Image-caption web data
--------------------------------------------------
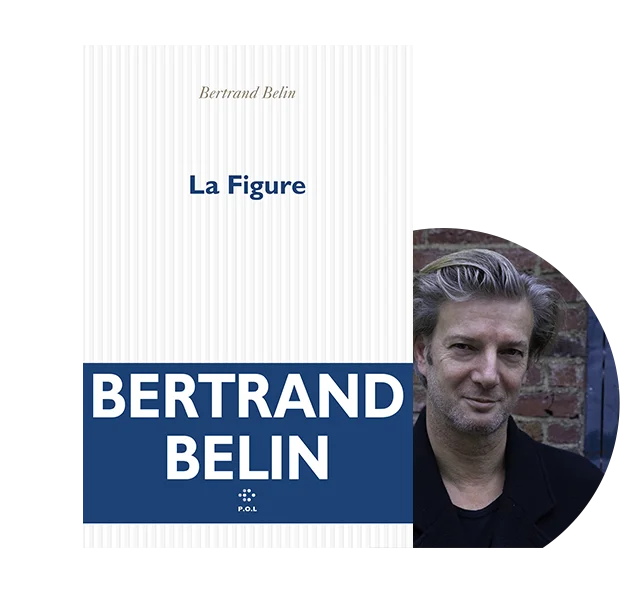 Couverture du livre "la figure" et portrait de l'auteur Bertrand Belin.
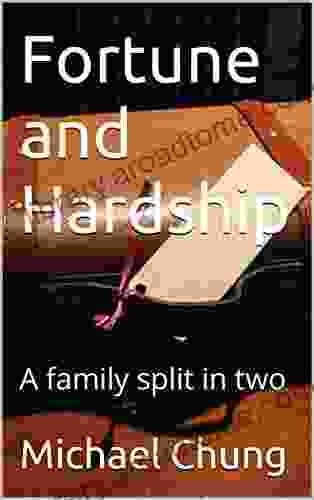 Fortune and Hardship: A family split in two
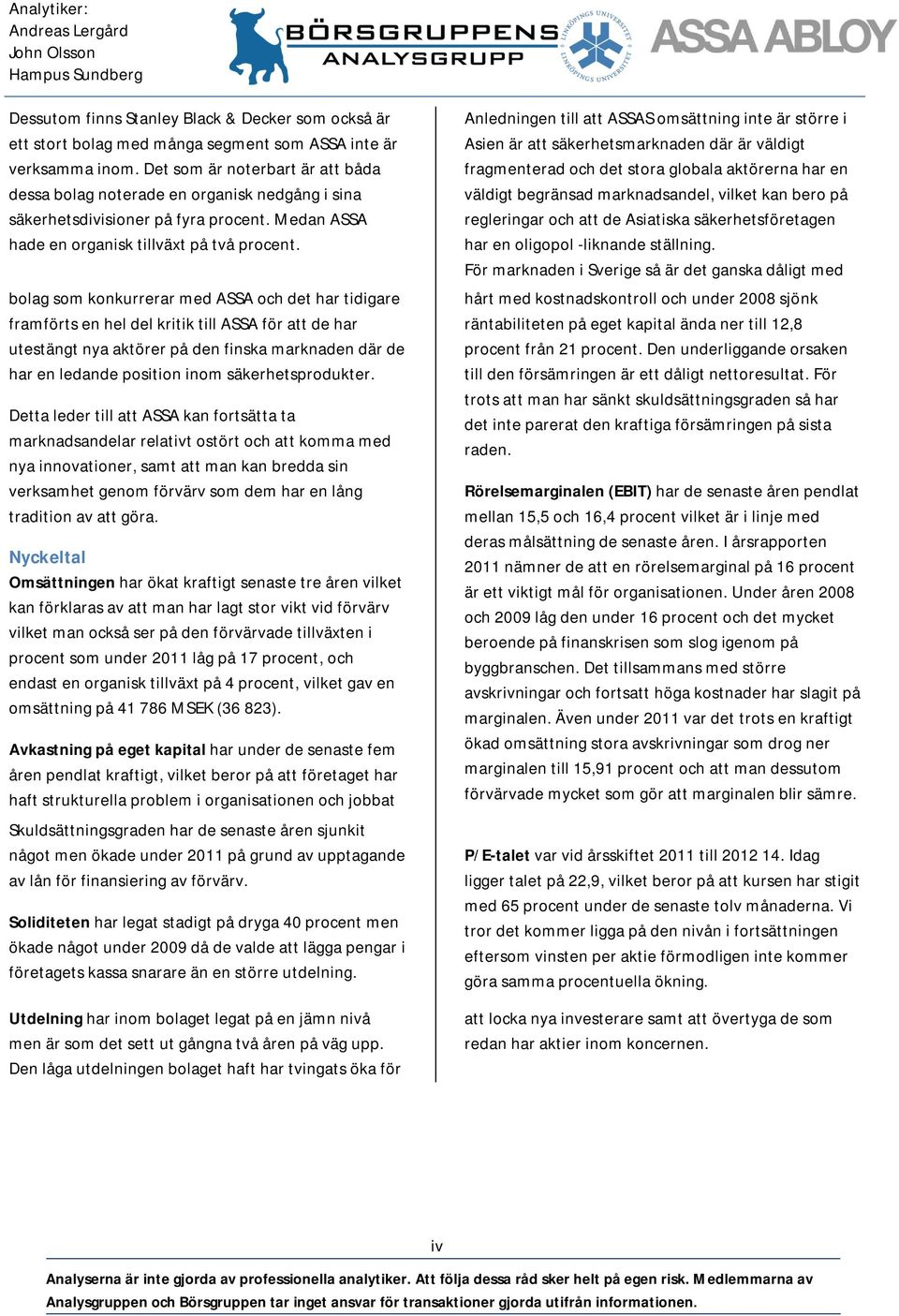 bolag som konkurrerar med ASSA och det har tidigare framförts en hel del kritik till ASSA för att de har utestängt nya aktörer på den finska marknaden där de har en ledande position inom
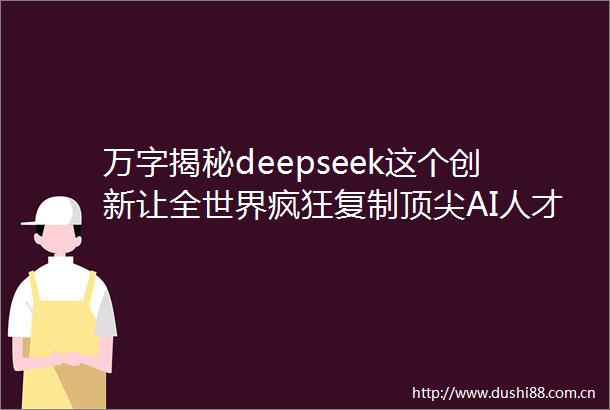 万字揭秘deepseek这个创新让全世界疯狂复制顶尖AI人才年薪千万训练成本被低估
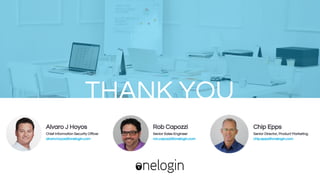 15
THANK YOU
Alvaro J Hoyos
Chief Information Security Officer
alvaro.hoyos@onelogin.com
Rob Capozzi
Senior Sales Engineer
ron.capozzi@onelogin.com
Chip Epps
Sr. Director, Product Marketing
chip.epps@onelogin.com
--------------------------------------------------
**What is required**
Type the lines above out again exactly as they appear, skipping every picture.

**Solution for this problem**
 Couverture du livre "la figure" et portrait de l'auteur Bertrand Belin.
 Fortune and Hardship: A family split in two
 bolag som konkurrerar med ASSA och det har tidigare framförts en hel del kritik till ASSA för att de har utestängt nya aktörer på den finska marknaden där de har en ledande position inom
 万字揭秘deepseek这个创新让全世界疯狂复制顶尖AI人才年薪千万训练成本被低估
 15
THANK YOU
Alvaro J Hoyos
Chief Information Security Officer
alvaro.hoyos@onelogin.com
Rob Capozzi
Senior Sales Engineer
ron.capozzi@onelogin.com
Chip Epps
Sr. Director, Product Marketing
chip.epps@onelogin.com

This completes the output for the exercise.